Scrum is a framework with which people address and solve complex problems in an adaptive manner, while delivering the highest value products in a rewarding and creative way. According to Schwaber and Sutherland, the authors of the Scrum guide [Scrum 2017], Scrum is:
- simple to understand
- difficult to master.
Scrum is a framework that creates value for the client in an Agile way. Scrum is not a process or technique for developing software products; it is a framework within which you can apply various processes and techniques.
The Scrum framework is built upon Scrum teams and their corresponding roles, events and products. Scrum assumes that knowledge arises from experience and taking decisions based on what is known. The team size could vary from three to nine people, excluding the Scrum master and the product owner. Scrum uses an iterative, incremental approach to optimize transparency and control risks.
The Scrum framework consists of roles, events and artifacts.

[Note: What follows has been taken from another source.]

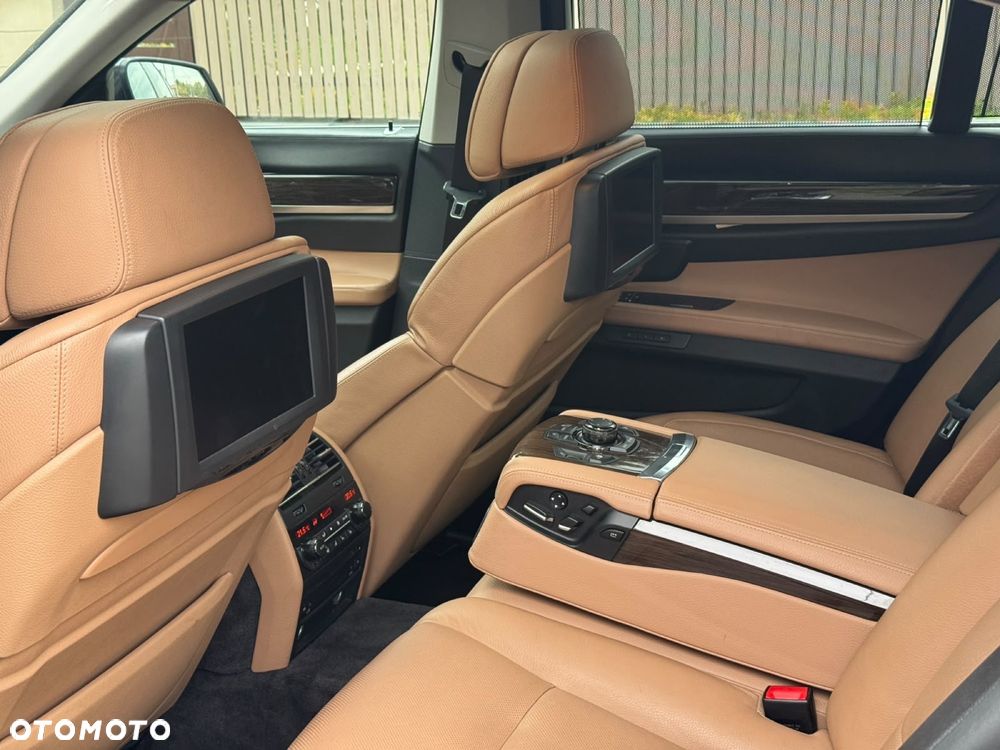 BMW Seria 7 - 8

The Scrum team consists of a product owner, a Scrum master, and the development team. The term "development team" causes a lot of confusion because the team is not just responsible for development but for all activities necessary to deliver business value. Therefore, we prefer to refer to "team" or "Scrum team". Scrum teams are self-organizing and cross-functional. Self-organizing teams make their own choices when deciding on the best way to implement their work, instead of being instructed by someone outside the team.
Scrum makes use of prescribed events to give the team structure and regularity, and to ensure that the sprint runs smoothly. Scrum makes use of timeboxes, so that every occurrence is bound by a maximum duration, and the most important matters (e.g. highest business value, highest risks, most refined) are dealt with first. When the timebox has expired, the most important matters have been covered, and insight gives a clear indication of what is still necessary. This ensures that the proper amount of time is spent on planning without loss of value ("waste") in the planning process. The events have been specifically designed to enable transparency and to create a fixed rhythm for the team. Not implementing one of these events results in a decline of effectiveness and transparency. Scrum supports the events: sprint, sprint planning, daily Scrum, sprint review and sprint retrospective.
Many teams see a backlog refinement as a useful addition to the Scrum events.
When multiple teams have to work together, they may implement a scrum-of-scrums where a representing member of each team gathers to align between teams.
Scrum works with the following artifacts: product backlog, sprint backlog, and products ("increment"). In addition, Scrum works most effectively when a "Definition of Done" has also been formulated. Although this is not mentioned in the Scrum guide, a Definition of Ready (both Business Ready and Sprint Ready) and a Definition of Shippable are also used by Scrum teams. Burndown charts are often used by the teams for transparency regarding progress.